- Opening Delimiter -
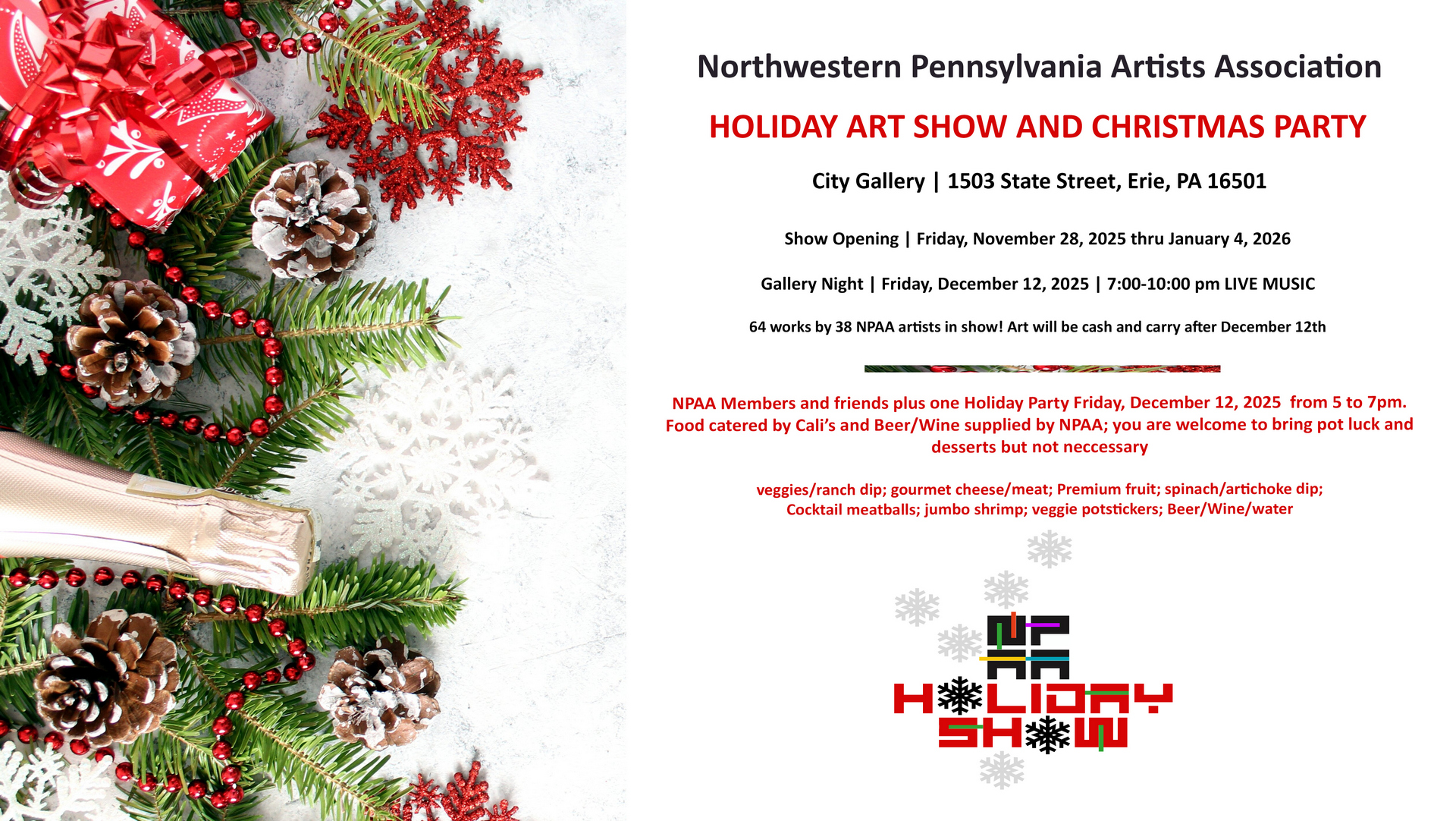 NPAA holiday party and show reception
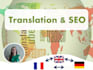 translate, localize  content in english, german or french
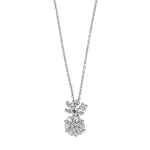 Rhod. silver pendant incl. chain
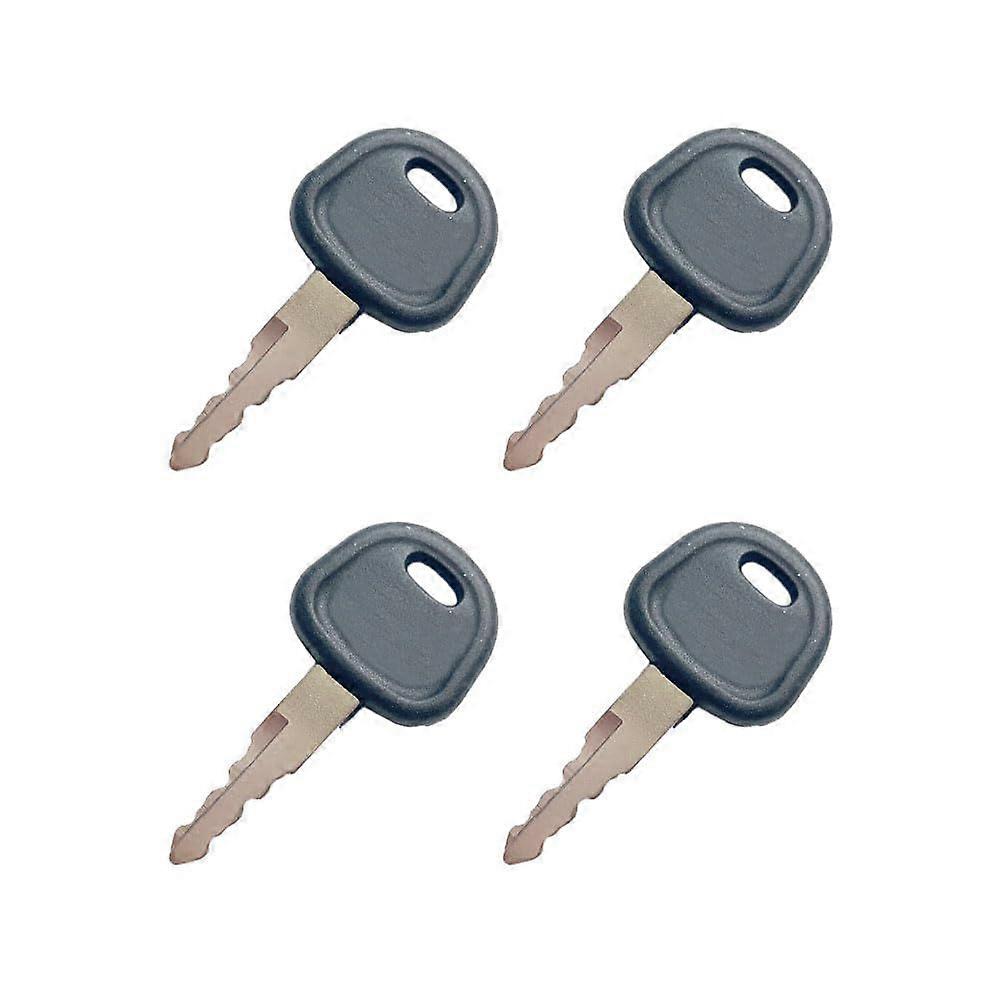 4PCS Ignition Switch Keys 21N4-10400K Compatible with Hyundai Excavator Wheeled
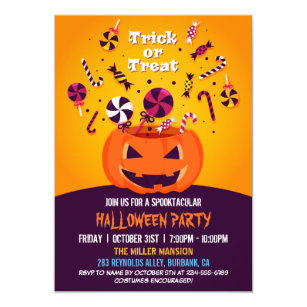 Trick Or Treat Invitation Wording 6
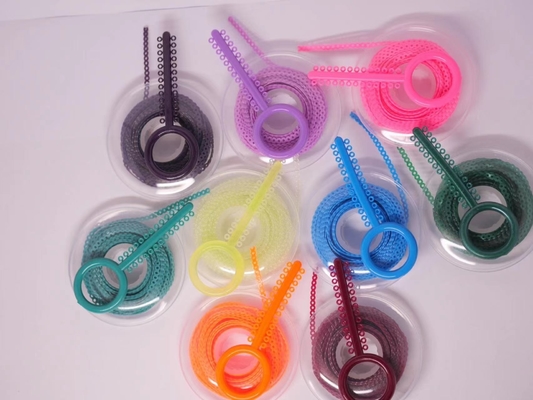 acheter Matériau de carbure de tungstène de chaîne d'alimentation fermée orthodontique longue courte colorée online manufacture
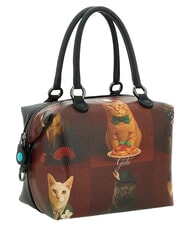 GABS G3 PLUS Bolsa de compras mediana, convertible gatos rojos en todo el mundo - Bolsos Mujer - 4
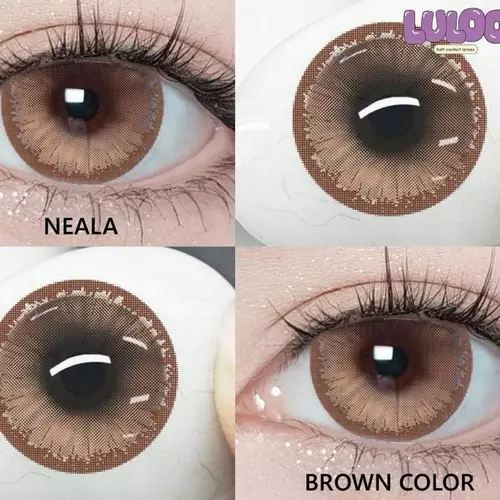 Bigeye   Neala gray brown สีเทา สีน้ำตาล ขนาดตาโต บิ๊กอาย Luloo Luloolens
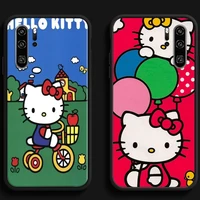 hello kitty 2022 phone cases for huawei honor p40 p30 pro p30 pro honor 8x v9 10i 10x lite 9a 9 10 lite coque soft tpu funda
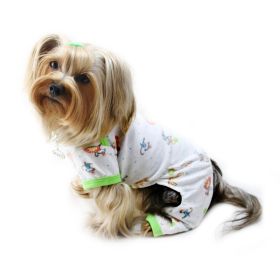 Knit Cotton Pajamas with Party Animals (Color: S, size: )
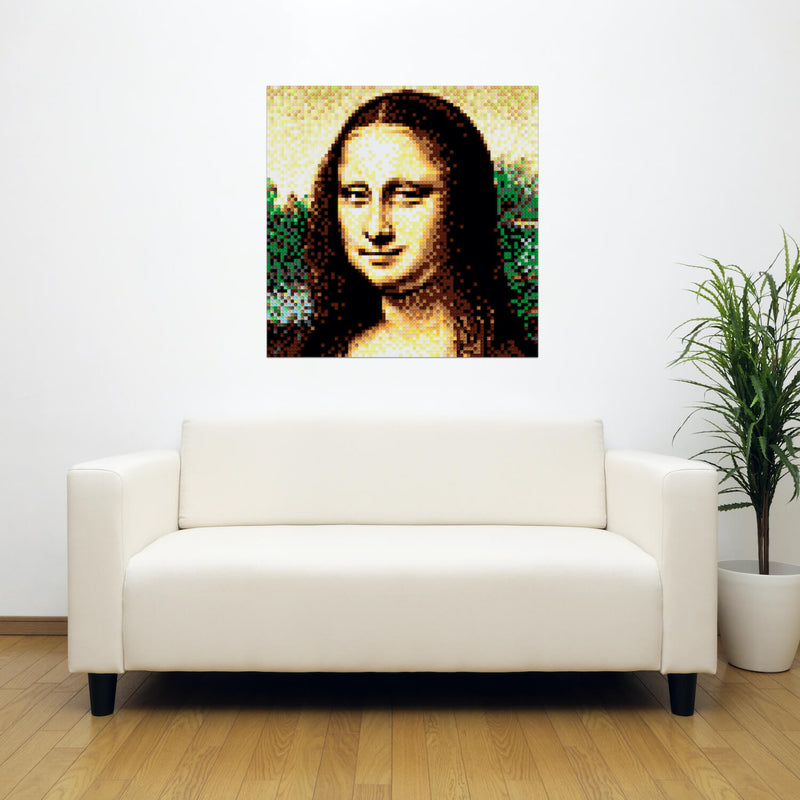 Mona Lisa Pixel Puzzle Wall Decor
- Closing Delimiter -
__Aim of the exercise__:
Repeat every record above exactly, except the pictures.

__Result for this task__:
 NPAA holiday party and show reception
 translate, localize  content in english, german or french
 Rhod. silver pendant incl. chain
 4PCS Ignition Switch Keys 21N4-10400K Compatible with Hyundai Excavator Wheeled
 Trick Or Treat Invitation Wording 6
 acheter Matériau de carbure de tungstène de chaîne d'alimentation fermée orthodontique longue courte colorée online manufacture
 GABS G3 PLUS Bolsa de compras mediana, convertible gatos rojos en todo el mundo - Bolsos Mujer - 4
 Bigeye   Neala gray brown สีเทา สีน้ำตาล ขนาดตาโต บิ๊กอาย Luloo Luloolens
 hello kitty 2022 phone cases for huawei honor p40 p30 pro p30 pro honor 8x v9 10i 10x lite 9a 9 10 lite coque soft tpu funda
 Knit Cotton Pajamas with Party Animals (Color: S, size: )
 Mona Lisa Pixel Puzzle Wall Decor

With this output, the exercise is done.